The SVD method is clearly faster.

Predict model

#as topNlist
books_svd_pred <- predict(object = books_svd, newdata = eval_known, n = 10) %>% list()
books_svd_pred
## [[1]]
## Recommendations as 'topNList' with n = 10 for 803 users.
#as real rating matrix
books_svd_pred_ <- predict(object = books_svd, newdata = eval_known, n = 10, type = "ratings")
books_svd_pred_
## 803 x 4147 rating matrix of class 'realRatingMatrix' with 3309966 ratings.
#ibcf
booksibcf_pred <- predict(object = imodel, newdata = eval_known, n = 10, type = "ratings")
svd_pred <- function(i){
p <- books_svd_pred[[1]]@ratings[[i]]
r <- data.frame("name" = as.factor(i))
r <- inner_join(r, book_titles, by = c("name" = "book_id")) %>% select(title)
print(paste("Ratings for --", r))
return(p)
}

Let’s pick some users and predict their ratings

svd_pred(1)
## Warning: Column `name`/`book_id` joining factors with different levels,
## coercing to character vector
## [1] "Ratings for -- The Hunger Games (The Hunger Games, #1)"
##  [1] 3.110284 3.100933 3.097932 3.096504 3.095380 3.095059 3.095027
##  [8] 3.093767 3.093691 3.093329
svd_pred(5)
## Warning: Column `name`/`book_id` joining factors with different levels,
## coercing to character vector
## [1] "Ratings for -- The Great Gatsby"
##  [1] 3.624007 3.603465 3.597189 3.561628 3.540180 3.536442 3.536245
##  [8] 3.517575 3.516860 3.501264
svd_pred(200)
## Warning: Column `name`/`book_id` joining factors with different levels,
## coercing to character vector
## [1] "Ratings for -- And Then There Were None"
##  [1] 4.037318 4.022901 4.019216 4.015127 4.013435 4.004952 3.939503
##  [8] 3.936291 3.932991 3.927677
svd_pred(18)
## Warning: Column `name`/`book_id` joining factors with different levels,
## coercing to character vector
## [1] "Ratings for -- Harry Potter and the Prisoner of Azkaban (Harry Potter, #3)"
##  [1] 3.822550 3.815094 3.808116 3.787699 3.783683 3.781402 3.780454
##  [8] 3.777911 3.773492 3.770998
svd_pred(400)
## Warning: Column `name`/`book_id` joining factors with different levels,
## coercing to character vector
## [1] "Ratings for -- Neuromancer"
##  [1] 3.685309 3.679514 3.676269 3.656057 3.588399 3.582025 3.580939
##  [8] 3.557832 3.551406 3.549157

To measure Accuracy

SVD

eval_svd_pred <- calcPredictionAccuracy(x = books_svd_pred_, data = eval_unknown, byUser = TRUE) 

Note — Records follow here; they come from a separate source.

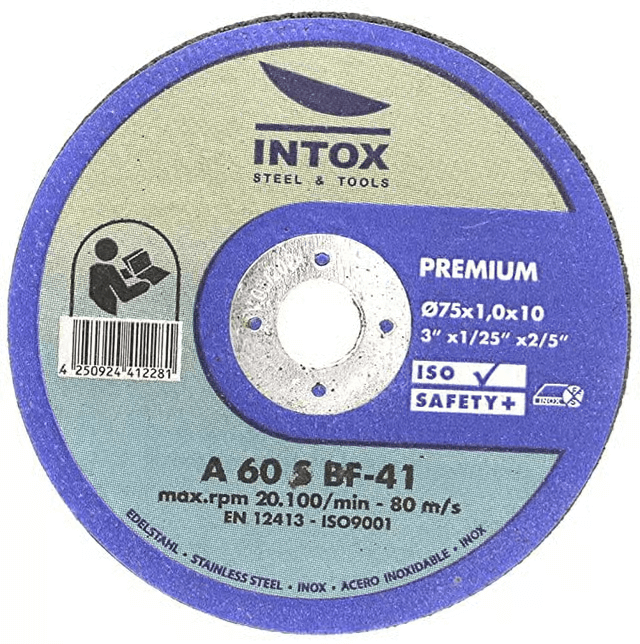 INTOX Trennscheibe 75 mm für Metall, Edelstahl uvm. mit hoher Trennleistung und Sicherheitssymbol.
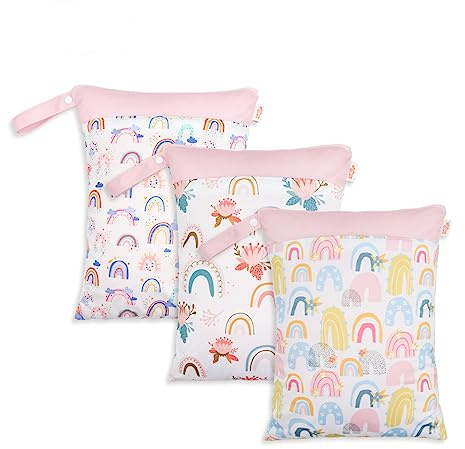 Daysskk 3 stück Nassbeutel Kindergarten Mädchen Windeltasche Wetbag Wasserdicht mit Reißverschluss Wäschebeutel für Kita Schwimmen Reisen 30 * 40 cm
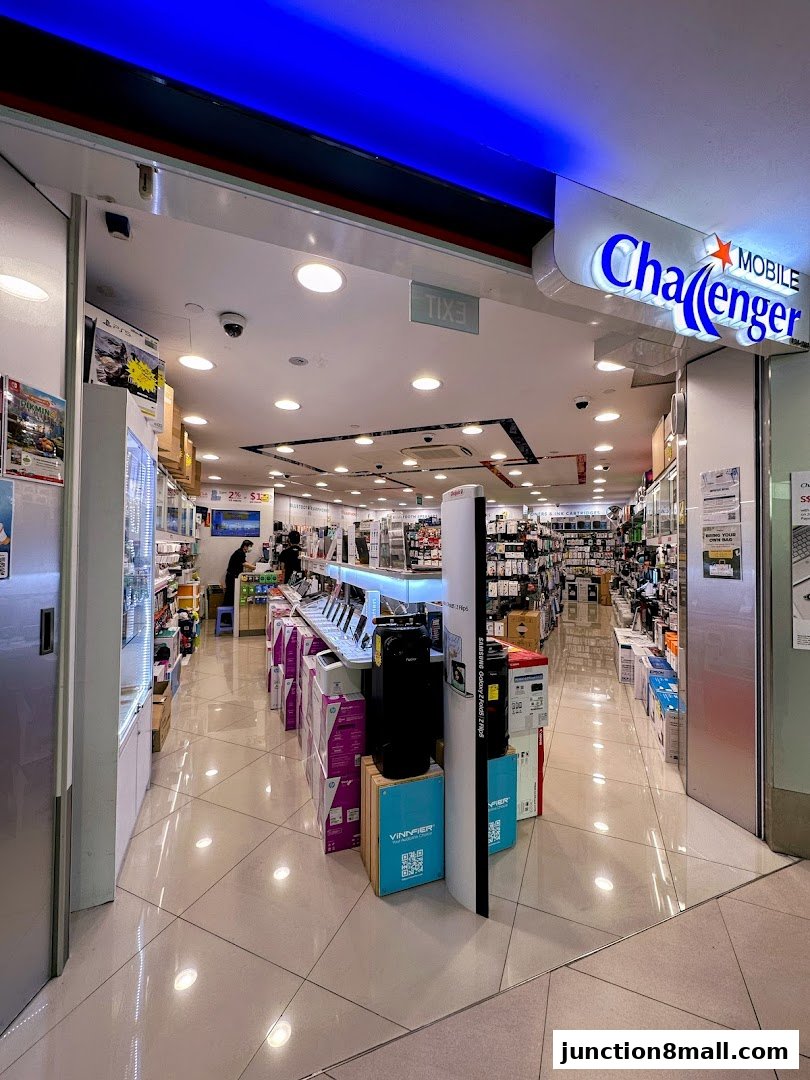 The entrance to Challenger MOBILE Junction 8, showcasing a wide array of electronics and mobile devices.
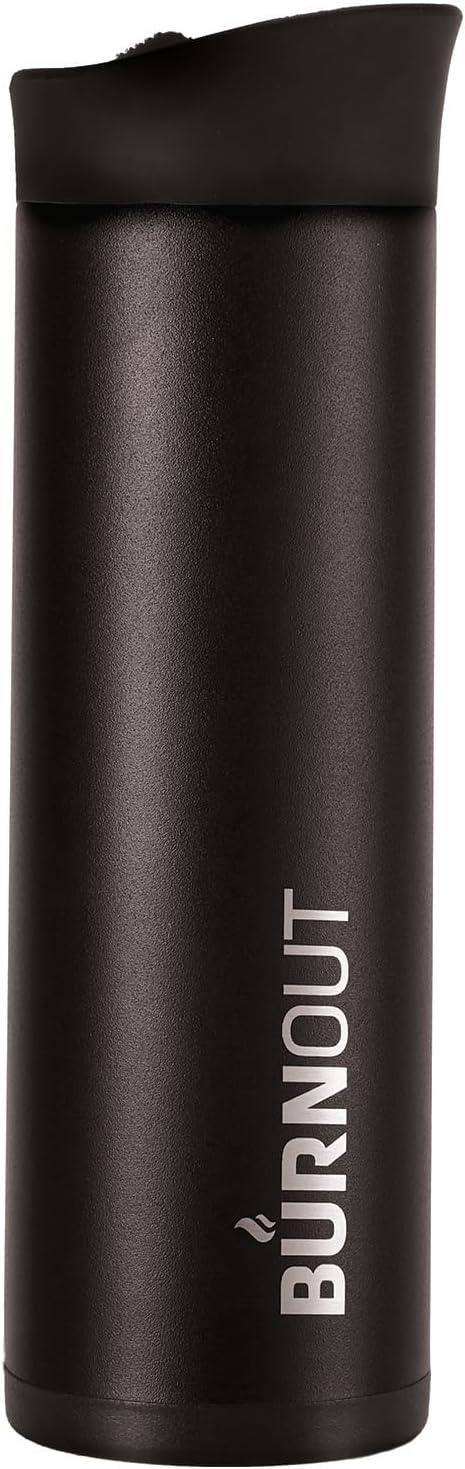 LEXO BURNOUT Temperature Regulating Travel Mug 16 oz All Black - Drink NOW & HeatZorb Tech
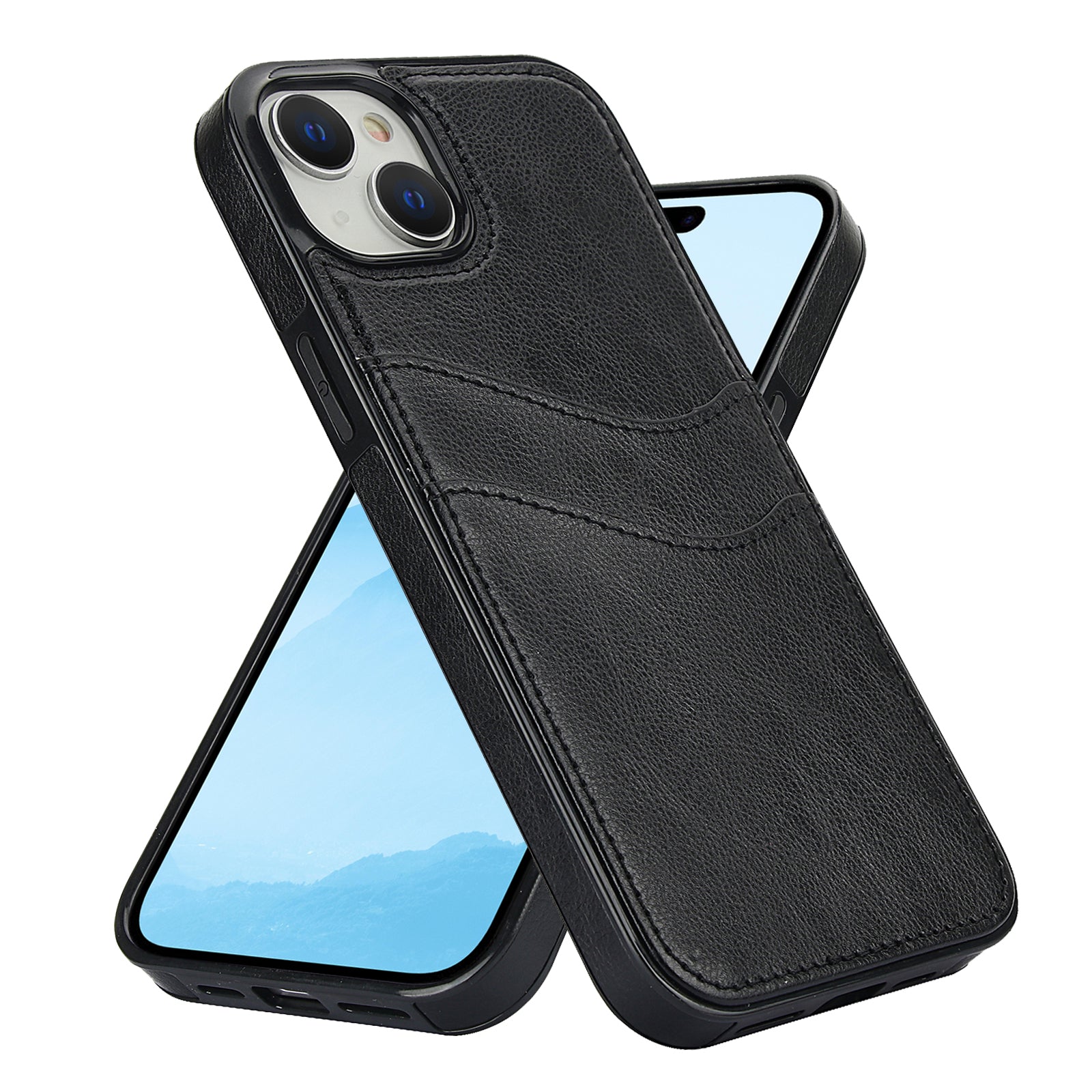 For iPhone 13 mini Case Scratch-Resistant PU+TPU Phone Shell with Card Holder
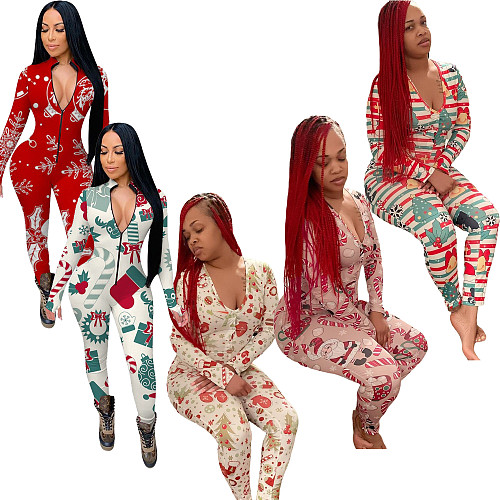 Christmas Print Sexy Long Sleeve Button Up Sleepwear Jumpsuit CHY-1308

kable(head(eval_svd_pred)) %>% kable_styling(bootstrap_options = "striped", font_size = 12, full_width = F)
RMSE MSE MAE
35 0.7990776 0.6385251 0.6067715
143 1.0108130 1.0217429 0.8559298
202 0.8055430 0.6488995 0.6614300
307 0.9705449 0.9419574 0.8277673
338 1.2079899 1.4592396 1.0824372
368 0.8609464 0.7412288 0.6116328

Item Based

eval_ibcf_pred <- calcPredictionAccuracy(x = booksibcf_pred, data = eval_unknown, byUser = TRUE)

kable(head(eval_ibcf_pred)) %>% kable_styling(bootstrap_options = "striped", font_size = 12, full_width = F)
RMSE MSE MAE
35 1.0000000 1.000000 1.0000000
143 1.5118579 2.285714 1.4285714
202 0.8660254 0.750000 0.8333333
307 0.5000000 0.250000 0.2500000
338 0.7071068 0.500000 0.5000000
368 0.8660254 0.750000 0.7500000

Summary

Collaborative Filtering takes a longer time to learn the data than does SVD. According to the evaluation of the predictions, the SVD model is more accurate with smaller error rate.